Zawisza Bydgoszcz - TKP 2:1 w IV lidze

To byłby dobry mecz, zasługujący na miano IV-ligowego szczytu, gdyby wydarzeń na boisku nie przysłoniła bójka kibiców z Bydgoszczy i Torunia

Zwycięstwo w sobotnim pojedynku dawało liderowi z Torunia pewny już awans do III ligi. Ich przewaga nad drugim w tabeli Zawiszą była jednak na tyle duża, że nawet porażka nie zmienia niczego w sytuacji torunian, którzy kroczą pewnie do awansu.

Trener zawiszan Mirosław Rzepa wiedział, gdzie tkwi największe zagrożenie. Najbardziej doświadczony z bydgoskich obrońców Damian Krawczyński nie odstępował ani na krok Jarosława Maćkiewicza. Nie na wiele by się to zdało, bo już po 70 sekundach spotkania najlepszy snajper TKP miał świetną okazję do strzelenia bramki. Uciekł Krawczyńskiemu i doszedł do podania Wojciecha Świderka ze środka pola. Strzelił z odległości 12 metrów, ale piłka poleciała nad Robertem Polowczykiem i poprzeczką Zawiszy.

Przewaga torunian trwała jednak tylko chwilę, bo potem do głosu doszli zawiszanie, którzy w 9 min wykorzystali błąd bramkarza TKP Przemysław Kryszak. Torunianin nie zdołał złapać słabego strzału Marcina Wiśniewskiego i wybił piłkę wprost pod nogi Roberta Kowalczyka, który nie miał kłopotu, by wepchnąć ją z 3 metrów do siatki. Kowalczyk był zresztą najgroźniejszym graczem zawiszan. Razem z Wiśniewskim raz po raz stwarzali groźne sytuacje pod bramką TKP.

Ciekawie było na boisku, ciekawie też na trybunach.

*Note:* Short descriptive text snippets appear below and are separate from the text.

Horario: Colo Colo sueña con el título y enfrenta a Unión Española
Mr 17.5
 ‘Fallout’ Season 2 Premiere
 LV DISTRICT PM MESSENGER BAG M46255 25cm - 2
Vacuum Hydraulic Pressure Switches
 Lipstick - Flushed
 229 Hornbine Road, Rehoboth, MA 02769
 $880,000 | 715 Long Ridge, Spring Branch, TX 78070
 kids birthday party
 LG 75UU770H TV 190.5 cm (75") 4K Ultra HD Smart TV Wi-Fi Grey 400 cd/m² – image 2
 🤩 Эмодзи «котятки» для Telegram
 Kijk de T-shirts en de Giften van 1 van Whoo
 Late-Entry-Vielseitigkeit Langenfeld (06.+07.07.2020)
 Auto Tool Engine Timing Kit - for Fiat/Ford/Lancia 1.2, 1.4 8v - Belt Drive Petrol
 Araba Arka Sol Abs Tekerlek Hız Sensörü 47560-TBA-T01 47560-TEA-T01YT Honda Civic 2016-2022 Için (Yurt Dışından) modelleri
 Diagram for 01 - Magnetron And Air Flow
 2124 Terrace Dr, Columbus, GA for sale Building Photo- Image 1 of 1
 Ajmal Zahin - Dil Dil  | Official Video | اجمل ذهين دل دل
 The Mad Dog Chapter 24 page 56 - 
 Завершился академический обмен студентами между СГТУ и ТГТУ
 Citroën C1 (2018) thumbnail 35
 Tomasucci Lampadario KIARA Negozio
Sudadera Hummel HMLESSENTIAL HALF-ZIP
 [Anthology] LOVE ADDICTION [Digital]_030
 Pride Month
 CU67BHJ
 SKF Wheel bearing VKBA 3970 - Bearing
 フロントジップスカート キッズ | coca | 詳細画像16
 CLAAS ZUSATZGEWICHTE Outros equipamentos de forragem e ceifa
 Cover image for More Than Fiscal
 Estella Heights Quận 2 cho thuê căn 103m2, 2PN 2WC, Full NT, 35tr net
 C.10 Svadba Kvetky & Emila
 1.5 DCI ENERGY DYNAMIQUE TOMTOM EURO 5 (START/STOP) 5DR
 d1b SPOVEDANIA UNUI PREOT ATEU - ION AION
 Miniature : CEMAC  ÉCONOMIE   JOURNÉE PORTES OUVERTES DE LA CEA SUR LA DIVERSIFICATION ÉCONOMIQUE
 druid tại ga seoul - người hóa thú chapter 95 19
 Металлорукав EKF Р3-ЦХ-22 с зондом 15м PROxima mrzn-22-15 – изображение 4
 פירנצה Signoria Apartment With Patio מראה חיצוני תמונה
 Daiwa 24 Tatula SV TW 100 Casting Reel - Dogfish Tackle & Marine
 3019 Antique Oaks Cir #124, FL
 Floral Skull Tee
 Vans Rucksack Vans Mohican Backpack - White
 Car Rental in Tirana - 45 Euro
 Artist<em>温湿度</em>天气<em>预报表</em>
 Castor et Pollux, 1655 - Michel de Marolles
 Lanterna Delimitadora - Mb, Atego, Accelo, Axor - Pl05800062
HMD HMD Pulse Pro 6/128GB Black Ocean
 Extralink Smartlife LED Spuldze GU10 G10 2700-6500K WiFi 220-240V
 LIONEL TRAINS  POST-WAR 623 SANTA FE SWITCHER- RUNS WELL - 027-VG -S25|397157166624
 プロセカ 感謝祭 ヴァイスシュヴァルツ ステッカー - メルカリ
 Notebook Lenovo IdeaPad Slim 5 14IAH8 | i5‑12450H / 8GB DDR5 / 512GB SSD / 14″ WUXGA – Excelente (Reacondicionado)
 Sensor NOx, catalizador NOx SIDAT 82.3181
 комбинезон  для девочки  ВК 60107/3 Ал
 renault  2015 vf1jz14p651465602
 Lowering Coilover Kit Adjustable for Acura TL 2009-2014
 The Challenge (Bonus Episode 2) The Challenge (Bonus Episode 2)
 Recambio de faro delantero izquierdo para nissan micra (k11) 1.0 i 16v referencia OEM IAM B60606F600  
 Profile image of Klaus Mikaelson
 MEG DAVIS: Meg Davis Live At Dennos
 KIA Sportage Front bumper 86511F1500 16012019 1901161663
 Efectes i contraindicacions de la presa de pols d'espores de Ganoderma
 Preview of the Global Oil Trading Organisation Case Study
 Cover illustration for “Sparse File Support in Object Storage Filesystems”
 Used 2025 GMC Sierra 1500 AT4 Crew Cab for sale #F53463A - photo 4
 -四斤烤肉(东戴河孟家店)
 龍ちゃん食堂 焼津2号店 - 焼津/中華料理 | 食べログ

Kibice obu zespołów w efektowny sposób (flagi, race, kolorowe dymy w klubowych barwach) dopingowali swoich ulubieńców. Świetna atmosfera została zepsuta w 50 min. Wtedy na boisko wpadły jednocześnie grupy spod znaku Zawiszy i TKP, i zaczęły się bić na bieżni i boisku. Sędzia Marcin Liana przerwał mecz na 9 minut. Policja użyła armatki wodnej, by uspokoić pseudokibiców. - Jesteż zażenowany postawą kibiców. Już się bałem, że sędzia przerwie mecz - mówił trener zawiszan Mirosław Rzepa.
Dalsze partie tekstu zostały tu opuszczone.